COICA’s primary strategy is to require that certain Internet intermediaries “de-list” sites from the Domain Name System (“DNS”) – the virtual Internet “White Pages” that connect web servers’ easy-to-remember domain names to their unique IP address number. As CCIA President & CEO Ed Black’s written testimony submitted to the committee points out, users can simply point their browsers to IP addresses instead of domain names, or easily configure their computers to use one of millions of offshore ‘phone books’ (DNS servers), thereby circumventing the restriction. As Goldsmith and Wu note, these sorts of regulatory efforts usually produce a sort of arms race, and the winner is usually whichever party is more determined.
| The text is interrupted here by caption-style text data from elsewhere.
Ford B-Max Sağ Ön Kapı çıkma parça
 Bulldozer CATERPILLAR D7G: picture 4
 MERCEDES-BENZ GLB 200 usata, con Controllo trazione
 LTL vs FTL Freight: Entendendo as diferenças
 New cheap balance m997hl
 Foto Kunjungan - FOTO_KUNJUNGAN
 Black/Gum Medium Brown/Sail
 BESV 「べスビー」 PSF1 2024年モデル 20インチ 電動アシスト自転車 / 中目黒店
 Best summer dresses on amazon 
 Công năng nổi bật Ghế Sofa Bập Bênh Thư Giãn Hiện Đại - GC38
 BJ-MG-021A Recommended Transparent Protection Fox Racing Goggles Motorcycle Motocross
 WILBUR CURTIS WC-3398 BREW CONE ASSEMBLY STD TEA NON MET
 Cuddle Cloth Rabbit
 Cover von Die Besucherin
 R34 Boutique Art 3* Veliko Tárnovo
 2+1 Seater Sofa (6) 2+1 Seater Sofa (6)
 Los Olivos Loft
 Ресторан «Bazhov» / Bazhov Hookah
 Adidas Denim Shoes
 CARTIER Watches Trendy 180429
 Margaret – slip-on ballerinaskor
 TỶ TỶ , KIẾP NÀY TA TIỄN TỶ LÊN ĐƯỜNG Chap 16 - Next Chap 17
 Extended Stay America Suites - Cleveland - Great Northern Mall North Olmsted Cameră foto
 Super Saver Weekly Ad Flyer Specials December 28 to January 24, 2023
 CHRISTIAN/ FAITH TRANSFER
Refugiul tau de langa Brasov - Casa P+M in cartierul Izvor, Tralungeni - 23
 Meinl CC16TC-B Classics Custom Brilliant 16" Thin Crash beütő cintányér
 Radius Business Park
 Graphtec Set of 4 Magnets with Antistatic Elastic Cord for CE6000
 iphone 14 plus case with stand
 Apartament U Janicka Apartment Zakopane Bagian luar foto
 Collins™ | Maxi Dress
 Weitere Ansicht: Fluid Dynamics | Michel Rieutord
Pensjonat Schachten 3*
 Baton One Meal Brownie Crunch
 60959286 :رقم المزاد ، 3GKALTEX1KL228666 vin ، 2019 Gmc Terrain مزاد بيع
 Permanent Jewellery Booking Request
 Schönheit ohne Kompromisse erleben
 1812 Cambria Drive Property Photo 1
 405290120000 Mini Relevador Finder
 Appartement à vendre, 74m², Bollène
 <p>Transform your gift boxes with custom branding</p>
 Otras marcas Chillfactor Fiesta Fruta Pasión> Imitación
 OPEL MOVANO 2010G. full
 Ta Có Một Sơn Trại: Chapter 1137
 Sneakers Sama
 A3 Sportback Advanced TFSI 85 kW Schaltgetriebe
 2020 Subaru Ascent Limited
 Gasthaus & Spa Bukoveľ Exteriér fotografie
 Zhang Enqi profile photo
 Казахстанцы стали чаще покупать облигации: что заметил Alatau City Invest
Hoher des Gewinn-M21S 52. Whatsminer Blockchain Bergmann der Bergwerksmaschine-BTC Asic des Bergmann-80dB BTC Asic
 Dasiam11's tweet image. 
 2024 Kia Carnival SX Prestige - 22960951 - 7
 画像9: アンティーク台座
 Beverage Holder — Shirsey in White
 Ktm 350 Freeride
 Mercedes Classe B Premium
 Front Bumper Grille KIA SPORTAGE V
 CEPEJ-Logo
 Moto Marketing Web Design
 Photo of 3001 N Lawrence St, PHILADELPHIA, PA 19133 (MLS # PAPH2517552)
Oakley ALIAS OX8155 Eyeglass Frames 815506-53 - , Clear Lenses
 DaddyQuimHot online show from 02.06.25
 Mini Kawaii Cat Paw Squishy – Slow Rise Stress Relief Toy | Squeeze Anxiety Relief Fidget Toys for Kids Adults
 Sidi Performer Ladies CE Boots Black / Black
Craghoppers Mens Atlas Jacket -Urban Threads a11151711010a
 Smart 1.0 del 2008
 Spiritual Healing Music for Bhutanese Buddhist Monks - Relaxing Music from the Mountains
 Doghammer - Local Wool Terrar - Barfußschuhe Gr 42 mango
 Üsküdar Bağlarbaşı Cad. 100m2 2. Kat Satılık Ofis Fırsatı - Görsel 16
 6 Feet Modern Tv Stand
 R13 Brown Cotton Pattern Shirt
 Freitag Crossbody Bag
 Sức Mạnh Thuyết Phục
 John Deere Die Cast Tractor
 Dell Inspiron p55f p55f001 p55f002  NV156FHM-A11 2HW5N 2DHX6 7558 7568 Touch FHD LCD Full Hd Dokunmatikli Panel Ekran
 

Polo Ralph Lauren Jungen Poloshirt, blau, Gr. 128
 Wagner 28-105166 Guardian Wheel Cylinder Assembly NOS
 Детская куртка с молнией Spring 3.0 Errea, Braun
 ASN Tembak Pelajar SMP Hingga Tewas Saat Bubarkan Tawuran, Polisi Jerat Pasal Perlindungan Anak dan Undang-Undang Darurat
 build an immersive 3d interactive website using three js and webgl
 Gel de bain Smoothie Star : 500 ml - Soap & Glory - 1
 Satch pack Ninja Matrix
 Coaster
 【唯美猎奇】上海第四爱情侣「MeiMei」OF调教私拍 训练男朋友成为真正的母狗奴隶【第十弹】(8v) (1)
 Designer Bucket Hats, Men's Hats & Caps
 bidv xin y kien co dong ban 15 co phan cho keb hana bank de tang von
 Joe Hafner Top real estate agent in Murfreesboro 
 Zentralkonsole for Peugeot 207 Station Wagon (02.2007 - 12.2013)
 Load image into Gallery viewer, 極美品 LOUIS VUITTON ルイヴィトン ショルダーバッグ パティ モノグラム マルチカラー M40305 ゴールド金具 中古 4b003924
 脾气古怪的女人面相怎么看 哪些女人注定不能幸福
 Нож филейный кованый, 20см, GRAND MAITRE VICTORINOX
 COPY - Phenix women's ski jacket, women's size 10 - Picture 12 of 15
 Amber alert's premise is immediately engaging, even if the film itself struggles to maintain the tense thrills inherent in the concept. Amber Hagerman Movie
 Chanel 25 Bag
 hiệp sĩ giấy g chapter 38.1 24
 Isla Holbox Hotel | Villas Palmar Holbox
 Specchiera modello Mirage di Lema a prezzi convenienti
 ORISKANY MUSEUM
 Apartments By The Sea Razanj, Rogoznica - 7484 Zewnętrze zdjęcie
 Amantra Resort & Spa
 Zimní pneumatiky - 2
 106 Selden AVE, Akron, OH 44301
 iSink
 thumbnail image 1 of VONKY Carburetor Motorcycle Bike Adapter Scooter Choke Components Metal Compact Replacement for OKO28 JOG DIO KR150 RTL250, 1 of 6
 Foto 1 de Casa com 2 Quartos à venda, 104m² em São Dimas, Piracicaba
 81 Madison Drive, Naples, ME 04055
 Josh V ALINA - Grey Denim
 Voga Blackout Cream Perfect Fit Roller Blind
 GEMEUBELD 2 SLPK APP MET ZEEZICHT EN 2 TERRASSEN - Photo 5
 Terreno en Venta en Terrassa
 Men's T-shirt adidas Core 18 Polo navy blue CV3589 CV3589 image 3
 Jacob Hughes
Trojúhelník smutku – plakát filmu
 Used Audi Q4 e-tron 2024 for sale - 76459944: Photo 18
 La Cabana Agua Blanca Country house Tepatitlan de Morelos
Most recently, the Pirate Bay fired its own salvo by proposing an alternate, peer-based DNS system which would be beyond the control of ICANN or any national government.

Instead of waging a destructive and inefficient arms race, there are viable solutions to addressing true pirate sites operating abroad. One is to insist that foreign countries uphold their international commitments and enforce their domestic copyright law against the worst offenders. Notwithstanding misleading, wild-eyed estimates about the proportion of Internet bandwidth devoted to copyright infringement, this is a manageable task. According to a recent multi-university study, less than 100 Internet users are responsible for 75% of the downloading, and 66% of the uploading of infringing content on file-sharing networks. According to the authors: “the great success of a massively used application like BitTorrent depends on a few users.” Yet despite the fact that a large portion of online infringement is committed by a relatively small group of people, COICA proposes to re-engineer the technological marvel upon which the White House estimated $2 trillion in U.S. GDP depends.

A safer approach would be to enforce the commitments that our trading partners have made. The U.S. has signed numerous Free Trade Agreements, and over 150 nations have joined the TRIPS Agreement, which requires WTO members to adhere to ‘gold-standard’ international IP norms. The USTR can bring countries who refuse to enforce their IP law before the WTO and demand that they be punished, as it has successfully done with China. Indeed, if we are unwilling to enforce our trading partners’ international trade commitments to protect IP, why did we invest the political capital in securing these agreements in the first place?

The benefits of this approach – in addition to avoiding the security threats posed by COICA – are that when sites are taken down, they disappear worldwide. COICA’s domain name blocking approach, on the other hand, would merely inconvenience Internet users, imposing hurdles which even COICA supporters concede are easily defeated. As Secretary Clinton observed earlier today: “Walls that block the Internet… are far easier to erect than to maintain.”